I'd like to start with a simple question. Why do the poor make so many poor decisions? I know it's a harsh question but take a look at the data. The poor borrow more, save less, smoke more, exercise less, drink more, and eat less healthily. Why?
Well, the standard explanation was once summed up by the British prime minister Margaret Thatcher. She called poverty a personality defect, a lack of character basically.
Poverty is a personality defect. - Margaret Thatcher
I'm sure not many of you would be so blunt. But the idea that there's something wrong with the poor themselves is not restricted to Mrs. Thatcher.

Some of you may believe that the poor should be held responsible for their own mistakes and others may argue that we should help them to make better decisions. but the underlying assumption is the same.
There's something wrong with them. If we could just change them; if we could teach them how to live their lives; if they would only listen.
And to be honest this was what I thought for a long time. It was only a few years ago that I discovered that everything I thought I knew about poverty was wrong.
It all started when I accidentally stumbled on a paper by a few American psychologists who did a fascinating experiment with sugarcane farmers in India.
You should know that these farmers collect about 60% of their annual income all at once, right after the harvest. This means that they're relatively poor one part of the year and rich the other. And the researchers asked them to do an IQ test before and after the harvest.
What they subsequently discovered completely blew my mind. The farmers scored much worse on the test before the harvest. The effects of living in poverty in turns out corresponded to losing 14 points of IQ. That's comparable to losing a nights sleep.
Eldar Shafir, an American behavioral scientist, and the co-author of Scarcity: Why Having Too Little Means So Much was one of the researchers in this study which I can sum up in only two words. Scarcity mentality
Scarcity Mentality
It turns out that people behave differently when they perceive a thing to be scarce. And what that thing is doesn't much matter; whether it's not enough time, money, or food.
You all know this feeling when you have too much to do or when you break for lunch and your blood sugar takes a dive. This narrows your focus to your immediate lack, to the sandwich you've got to have now, to the meeting that's starting in 5-minutes, or the bills that have to be paid tomorrow. In those moments, your longterm perspective goes out the window.

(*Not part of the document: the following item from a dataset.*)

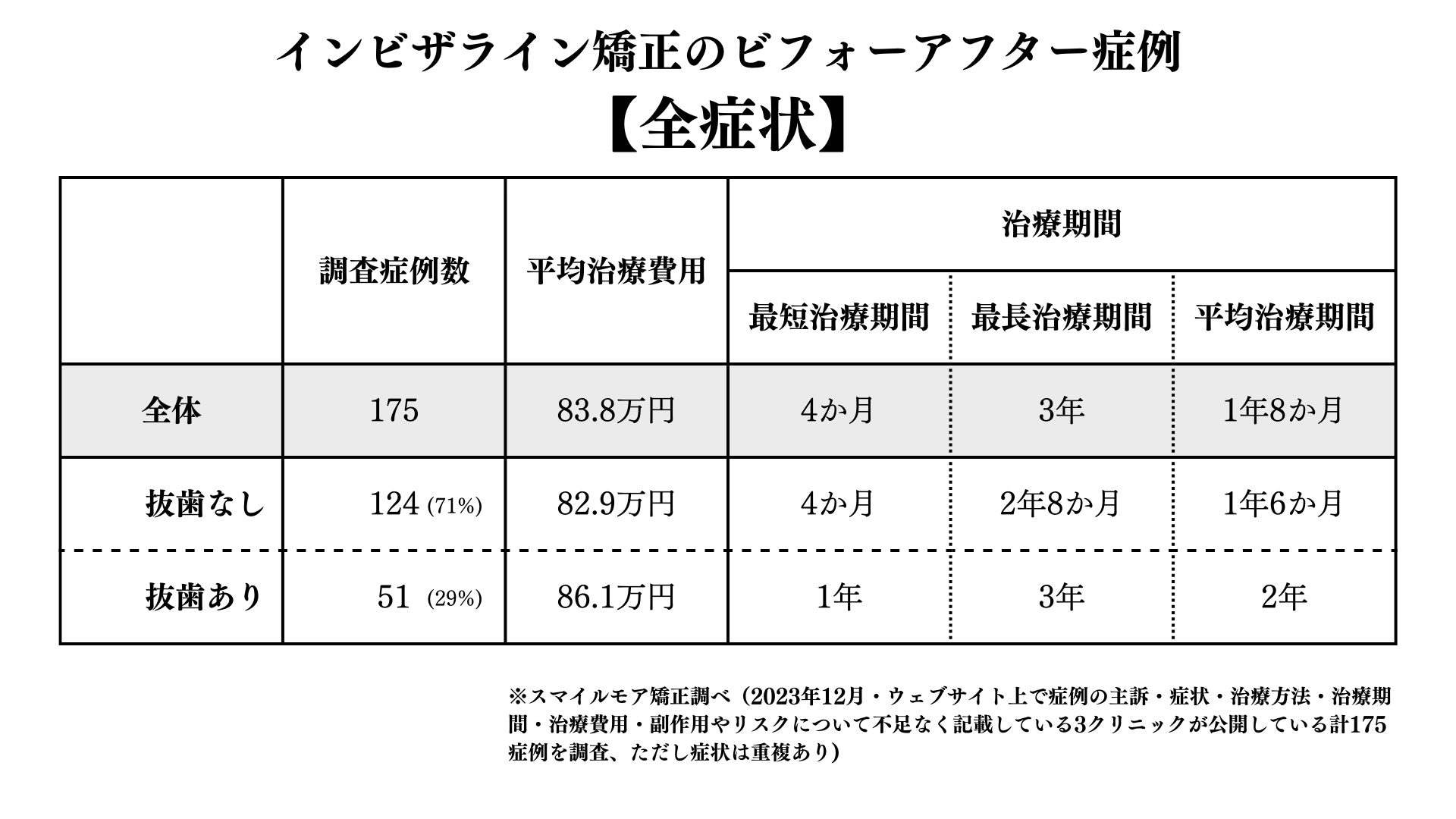 インビザライン矯正のビフォアーアフター症例全体結果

You could compare it to a new computer that's running ten heavy programs at once. It gets slower and slower making errors and eventually it freezes, not because it's a bad computer but because it has too much to do at once.
The poor have the same problem. They're not making dumb decisions because they are dumb but because they're living in a context in which anyone would make dumb decisions.

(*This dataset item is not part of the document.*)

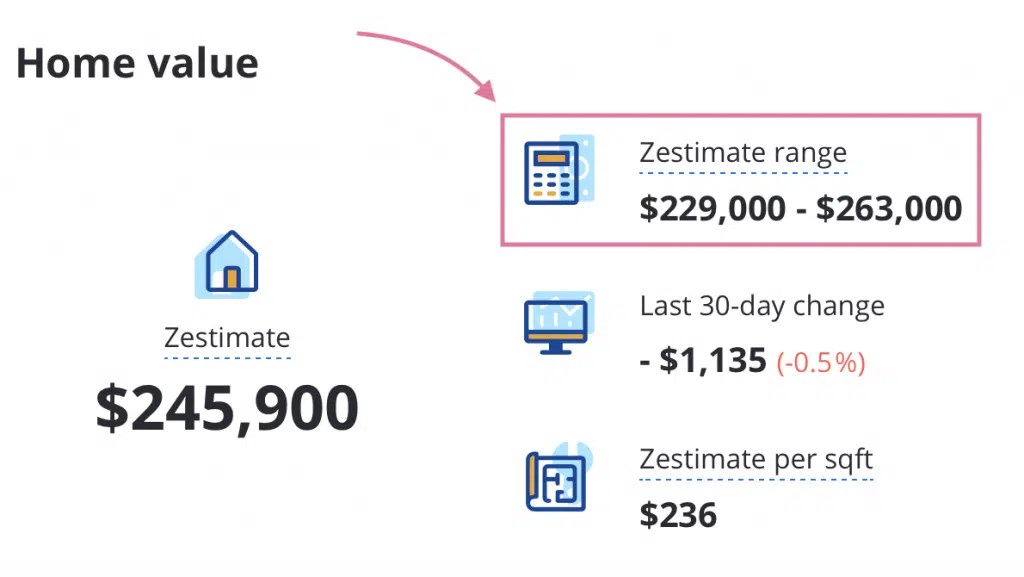Zillow vs Redfin vs Realtor A Brief Comparison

Suddenly I understood why so many of our anti-poverty programs don't work. Investments in education, for example, are often completely ineffective.
Poverty is not a lack of knowledge. A recent analysis of 200 studies on the effectiveness of money management training came to the conclusion that has almost no effect at all. This is not to say that the poor don't learn anything, they can come out of those programs wiser for sure, but it's not enough.
Or as professor Shaffir says;
"It's like teaching someone to swim then throwing them in a stormy sea."
I think we could have figured this out years ago, I mean, these psychologists didn't need any complicated brain scans. They only needed to measure these farmers IQ's and IQ tests were invented 100-years-ago.
I realized I've read about this psychology before. George Orwell, one of the greatest writers who ever lived, experienced poverty firsthand in the 1920s. The essence of poverty he wrote back then is;
"Poverty annihilates the future"
And he marveled at how people take it for granted that they have the right to preach at you and pray over you as soon as your income falls below a certain level. Those words are every bit as resonate today.
The big question is, of course, what can be done? modern economists have a few solutions up their sleeves. We could help the poor by sending them a text message to remind them to pay their bills. This type of solution is hugely popular with modern politicians mostly because the cost is next to nothing.
These solutions are, I think, a symbol of this era in which we so often treat the symptoms but ignore the underlying cause. So I wonder, why don't we just change the context in which the poor live? Or going back to our computer analogy, why keep tinkering around with the software when we can easily solve the problem by installing some extra memory instead?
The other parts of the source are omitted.